The clip for his latest single, "Every Storm (Runs Out Of Rain)," has been tagged with a screen that encourages donations to the American Red Cross. The singer is also offering a free download  of the song as an incentive for fans to donate. Watch:
Allan told Billboard about filming the video. "We shot the video in the meat packing district in Nashville at the Slaughter House, I think it's called. It kind of gave the vibe of an apartment complex with the walls blown out. We shot the band on top in the rain, and a crane would swoop down the side of the building like it was an apartment. We had a girl who was kind of lonely and sad, and her soldier comes home at the end, and we put a tie to the Red Cross so people can help and donate to the victims of Hurricane Sandy."
When asked why many country artists are helping out with fund-raising efforts for those left in Sandy's wake, he says that many of them can understand what they are going through. "I think because Nashville just got flooded in 2010, it was a lot easier to be sympathetic to that. I had a bunch of friends who lost their homes that were completely devastated. When we started making the video, I was talking about a cause we could shed some light on because it's such a hopeful song. I felt we could attach it to a certain cause, and maybe do it a lot of good," he said.
The record is Allan's first single in a while, and he's glad to be back at radio. "It's been a couple of years since we had a single out. I had some label issues, and all of that got sorted out. It's great to be accepted at radio again. It's actually the fastest song we've ever had."
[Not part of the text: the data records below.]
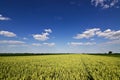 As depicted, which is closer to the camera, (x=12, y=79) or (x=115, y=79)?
(x=12, y=79)

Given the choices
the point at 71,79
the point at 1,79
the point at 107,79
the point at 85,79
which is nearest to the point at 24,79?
the point at 1,79

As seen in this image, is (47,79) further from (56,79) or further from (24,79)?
(24,79)

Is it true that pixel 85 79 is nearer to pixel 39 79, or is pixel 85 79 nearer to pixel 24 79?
pixel 39 79

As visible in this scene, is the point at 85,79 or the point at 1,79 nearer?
the point at 1,79

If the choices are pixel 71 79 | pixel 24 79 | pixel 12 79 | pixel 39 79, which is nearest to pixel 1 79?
pixel 12 79

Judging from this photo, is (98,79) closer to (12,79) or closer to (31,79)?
(31,79)

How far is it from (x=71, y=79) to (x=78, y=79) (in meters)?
0.42

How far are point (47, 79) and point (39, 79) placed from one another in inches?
18.6

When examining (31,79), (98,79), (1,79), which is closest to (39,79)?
(31,79)

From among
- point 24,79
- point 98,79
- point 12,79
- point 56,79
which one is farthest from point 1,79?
point 98,79

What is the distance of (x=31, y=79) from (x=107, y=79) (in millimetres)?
4498

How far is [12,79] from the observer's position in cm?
817

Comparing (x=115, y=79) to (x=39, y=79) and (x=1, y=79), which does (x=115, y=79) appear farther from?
(x=1, y=79)

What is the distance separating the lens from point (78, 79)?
8.66m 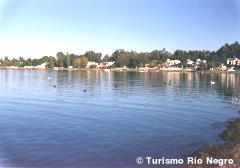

"Every Storm (Runs Out Of Rain)" is the lead-off track from his new album, which is scheduled to be released early in 2013. He says that he used a different approach to record the album. "I think it's going to be different, and one of the reasons for that is that I've used some new producers. I've always done everything with Mark Wright, and this time, I've done four with him, four with Jay Joyce, and I produced four with my road band -- including the single."
When asked his thoughts on producing, he laughed and said "I guess the pressure of just doing it bothered me, but I've done all my demos and pre-production in my house anyway, so I'm very comfortable in my role. So, it wasn't a big deal, but I think the idea of me saying 'Ok, I'm going to do it all' freaked me out a little."
Allan also remarked that he loved working in the studio with Joyce, who produced both the CMA Single (Little Big Town's "Pontoon") and Album of the Year (Eric Church's 'Chief'). "What a trip to work with him," he said. "I've never worked like that. We worked in his house, in his basement. At first, it felt like I was making a record with some college kids without any money. I was very scared the first day, because I spent so much time separating sounds, and making sure things didn't bleed. I felt like we were in the middle of his basement, and all of the sounds were bleeding into everything, and he didn't seem to care. So, at first I was panicked, but by the second day, I drank the punch. I really liked what I got with him."